Karaman Ülkü Ocakları üyeleri Başkan Burhan Abay öncülüğünde 3 Mayıs Türkçülük günü münasebeti ile Karaman Atatürk Parkında basın açıklaması yaparak, Karaman halkına ve Karaman esnafına Türk Bayrağı dağıttı.

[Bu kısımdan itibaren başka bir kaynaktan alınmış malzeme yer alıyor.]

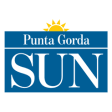 Icon of program: Punta Gorda Sun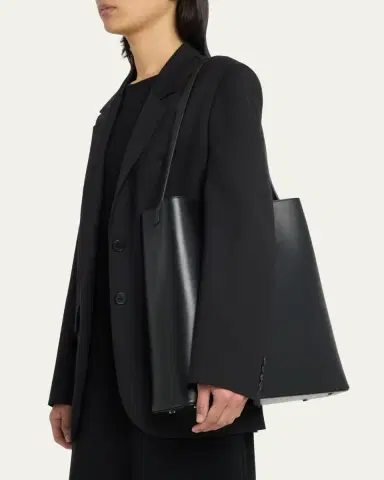 Aesther Ekme Sac Leather Hobo Bag | Thumbnail 2 Aesther Ekme Sac Leather Hobo Bag | Thumbnail 2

Ocak Başkanı Burhan Abay açıklamasında;''
Hepimiz için büyük bir önem ve anlam taşıyan bu günde Aziz milletimizi, bu ülkeyi karşılıksız seven, yüce gönüllü dava arkadaşlarımı ve bütün Türk milliyetçilerini kutluyorum.
69 yıl önce bugün Türkiyemiz de bir direniş meşalesi yakıldı.Mücadeleler verildi çileler çekildi.Bütün bu acıların tek bir ortak noktası vardı oda TÜRK MİLLİYETÇİLİĞİNİN bu topraklardan silinmemesi için mücadele etmekti. Yıllardır hain odaklarının tek bir hedefi vardır,oda Türkiye Cumhuriyetinin yıkılması ve parçalanması oyunudur.
Dur durak bilmeden maddi,manevi değerlerimize saldıran emperyalistler, bu topraklardan DİNİMİZİ, DİLİMİZİ, KÜLTÜRÜMÜZÜ VE TÜRKLÜĞÜMÜZÜ silmek için uğraşmaktadırlar.
İçimizden satılmış,şahsiyetsiz kişilikleri kullanarak bu oyunu sahnelemektedirler.
İşte bu oyunlara karşı gelen,bütün maddi ve manevi gücüyle kendini siper eden Türk milliyetçilerine 1944 yılında,onları sindirmek için tutuklamalar yapıldı.
Tırnakları çekildi,Tabutluklar açıldı.İnsan dışı işkencelerden geçirildiler. Bu büyük insanlara bunları reva gören,gayrı milli ruhlu kişilerin tek amacı vardı bu işkencelerden sonra onların yılıp bu davayı gütmemeleri olacaktı.
Ama unuttukları bir nokta vardı.Kürşat yürekli,tunç bilekli yiğitlerin kalplerindeki iman aşkı , Türklük gurur ve şuuruydu.Yılmadılar mücadelelerine her zaman devam edip bu kutlu direnişi başlattılar.
Alpaslan Türkeş oldular kutlu direnişi devam ettirip Türkçülük-Turancılık ateşini Türk milletinin kalplerine nakşettiler.
Hüseyin Nihal Atsız oldular Türk Milliyetçiliğini Altay dağlarının eteklerine çıkardılar.
Nejdet Sançar oldular ser verdiler sır vermediler. Osman Yüksel olup Serden geçtiler,can verdiler.
Yıllar geçti aradan ve ortaya bir YİĞİT,bir BOZKURT çıktı.Bu kutlu günü yani 3 Mayısı ‘’ Milli Gün ‘’ ilan etti.işte bu şahsiyetli,bilge lider ALPARSLAN TÜRKEŞ idi.
Ömrünü bu yola verdi. Hiç bir zaman yılmadı.Tırnakları çekildi ,işkence gördü ,hapse düştü ama bir gün bile bu yoldan ayrılmadı.Tek bir düşüncesi vardı oda bu Milletin ve devletin bekaasıydı. Gelecek nesillere imanlı,kültürlü gururlu ve ülkücü bir Türkiye bırakmaktı. Millet sevdalısıydı,halk yanlısıydı. Halk adamıydı.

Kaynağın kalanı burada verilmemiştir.